Once you've established your baselines, take the following steps to improve site speed:
1. Improve your CDN cache hit rate.
Cacheable content served from your CDN is inherently faster than content served from your server, so utilising CDN caching as much as possible is critical to improving your site speed. Every CDN is different, but traditionally you can improve cache hit rates through your CDN console or through cache control headers. Just be aware that enabling caching isn't always as straightforward as it may seem. Different pages will have different levels of cacheability, and certain features like personalisation may interfere with caching. In addition, many tools report cache hit rates on the URL level, making it much more difficult to optimise and detect trends across page groups, especially if you add tracking parameters to your URLs.

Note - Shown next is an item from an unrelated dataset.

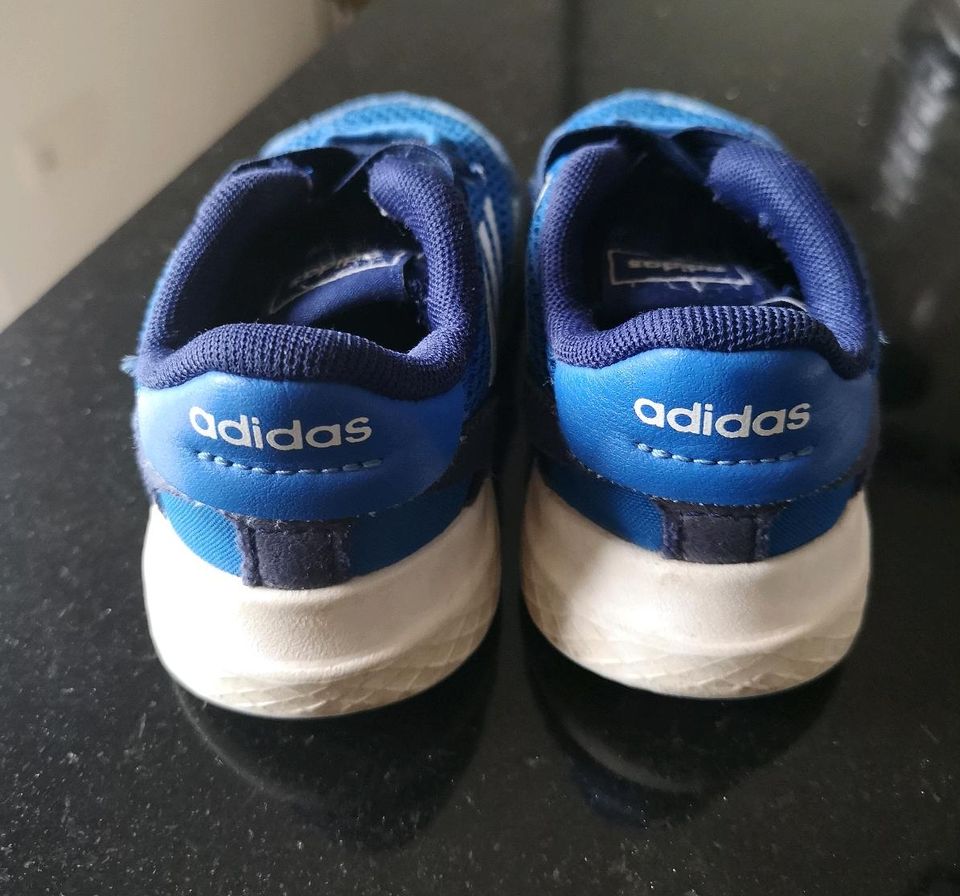 Adidas Sneaker Schuhe Gr. 21 in Tholey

2. Improve your browser cache hit rate.
In addition to the CDN, the browser has its own cache. With the right cache control header, you can also easily optimise the browser cache hit rate for your site. This tactic allows you to improve browsing speeds because the browser doesn't need to fetch the content or asset from the network at all — it's already downloaded to the user's browser or device. Note that you'll need to understand Cache-Control header specs and how your CDN interprets them to set caching parameters for the browser and CDN separately. For example, you can often use "maxage" to set the browser's cache time and "s-maxage" to set the CDN cache time separately.
3. Use a service worker.
Cache control headers are only treated as “hints” by the browser, and a hint can be ignored. A browser might not cache an asset because it thinks it’s too big or it won't cache the asset for as long as you need. By contrast, using a service worker gives you direct control over caching and networking, allowing you to make the caching decisions that will improve browsing speed and enhance the user experience.
4. Prefetch content during idle times.
Use prefetching when the user is idle or when the above-the-fold content has loaded. Anticipate where the user might go next and fetch that data ahead of time. A common prefetching tactic is, in anticipation of the user's next click, to begin fetching the destination page when the link to it is visible to the user on the screen.
When properly implemented, prefetching can substantially improve browsing speed because it can reduce or eliminate the time to download the next page. However, be aware that if you're not careful, prefetching can increase the traffic and load on your servers. For example, consider an eCommerce category page that lists 20 products. Naively prefetching every product on the page may increase the load on your servers by as much as 20 times your current levels.
5. Consider migrating to a PWA or SPA.
The combination of service workers, smart prefetching, and a SPA or PWA architecture unleashes the ability to dramatically improve browsing speed to sub-second load times that compete with native apps. Instead of loading the entire page each time a user navigates to a new page, SPAs and PWAs load elements like headers, footers, and scripts just once (sometimes referred to as a "app shell") and only load new body content on subsequent pages. Libraries and open-source frameworks for PWAs include React, Angular, React Storefront, and Vue Storefront, to name a few.
Load time is vitally important, and that goes beyond just the first page. Improving browsing speed will deliver a better experience to your users. Instead of users leaving in frustration because pages take too long to display, a few simple steps will go a long way to improve their experience and the likelihood they convert.